There are situations in which we need to share sensitive or strategic information with third parties, whether to develop a system or test new functionalities. To guarantee the confidentiality of the information contained in this data set, we use de-characterization techniques.
In this tip you will learn how to do this, shuffling information from fields and records.

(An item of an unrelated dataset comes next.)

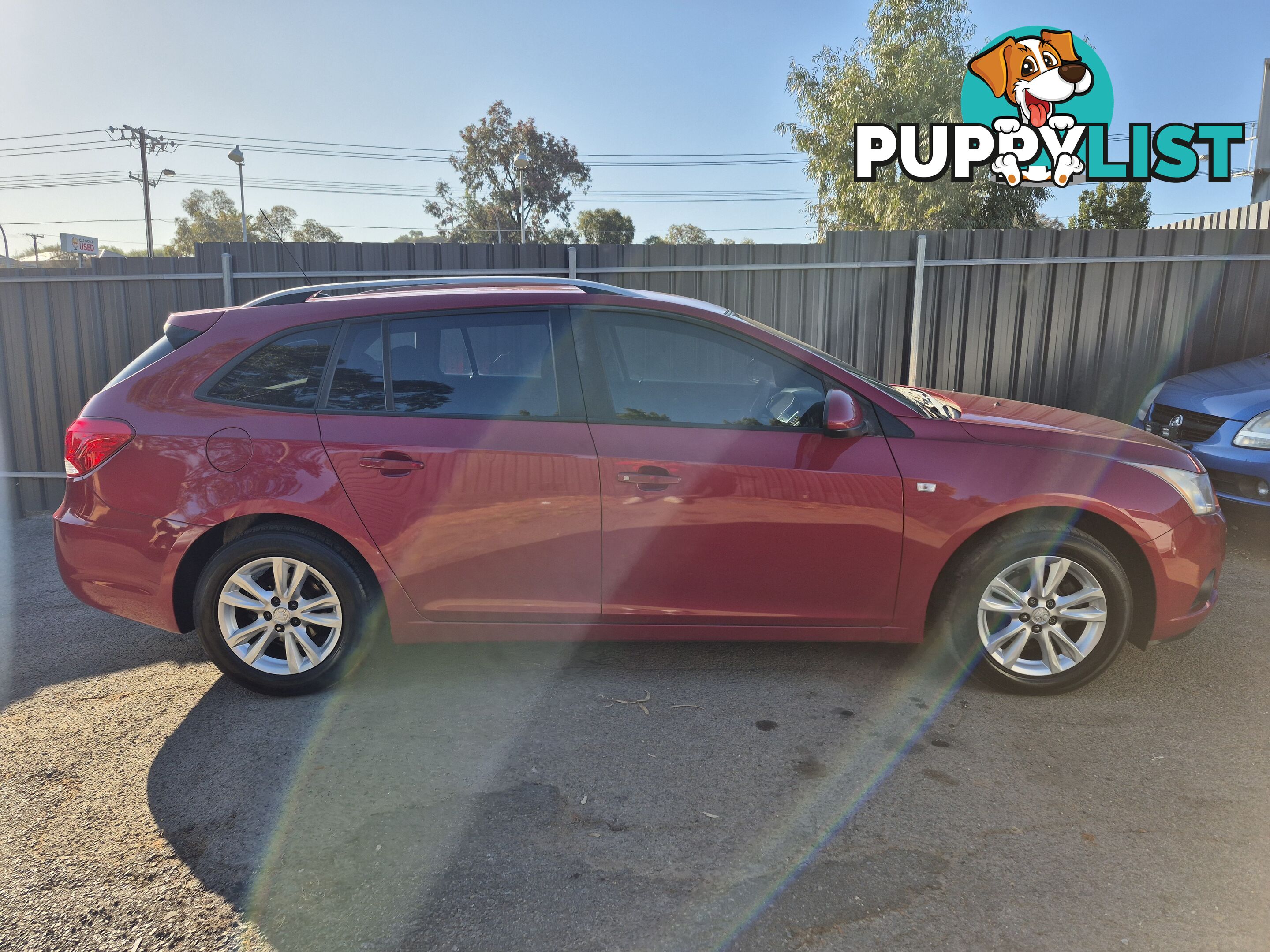 2014 Holden Cruze JH SERIES II CD SPORT Wagon Automatic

In our example, we will use a dataset with 3 fields and 10 records. They are intentionally ordered so that you can compare the data before and after the shuffling process,
Our initial dataset is:
Name Age Salary
Alan 10 10000
Bernardo 20 20000
Carlos 30 30000
Daniel 40 40000
Eduardo 50 50000
Flavio 60 60000
Gilberto 70 70000
Hugo 80 80000
Ian 90 90000
Jorge 100 100000
Step 1: Generate a flow for each field in your dataset
For each field, create an independent stream, each with 2 columns: Record ID and the field in question. In our example, we will create 3 streams, containing the columns Record ID + Name, Record ID + Age and Record ID + Salary, respectively.
Step 2: Create a random field (in all 3 streams)
Use the Formula tool to generate a random number. It must be large enough to reduce the chance of repetition. There are several ways to generate a random number; the formula we chose for this example is RandInt (1000) * RandInt (1000) + RandInt (1000).
Create a new field and call it Random.
From this point, each step must be repeated in each of the streams. You can copy and paste the tool and adjust as needed.
Step 3: Sort the dataset
Use the Sort tool to sort the dataset by the Random field generated in the previous step.
Step 4: Create a new column with a Sequential Number
With the data sorted, create a new index. Call it NewID
Step 5: Remove unnecessary fields
Use the Select tool to keep only the NewID and the flow’s own field in the data set. In the example below, the Name field.
Step 6: Join the fields again
Use the Multi-Join tool to regroup the fields in your data set. The key should be the New ID field.
Remember that to perform this step, the previous steps must have been completed for all fields.
In the output, choose only the fields that are part of the initial set, deselecting the NewID fields from each input.
Step 7: Check the result
Finally, connect a Browse tool to the output and check how the data is randomly shuffled.
Great! Now you can use Alteryx to shuffle your data!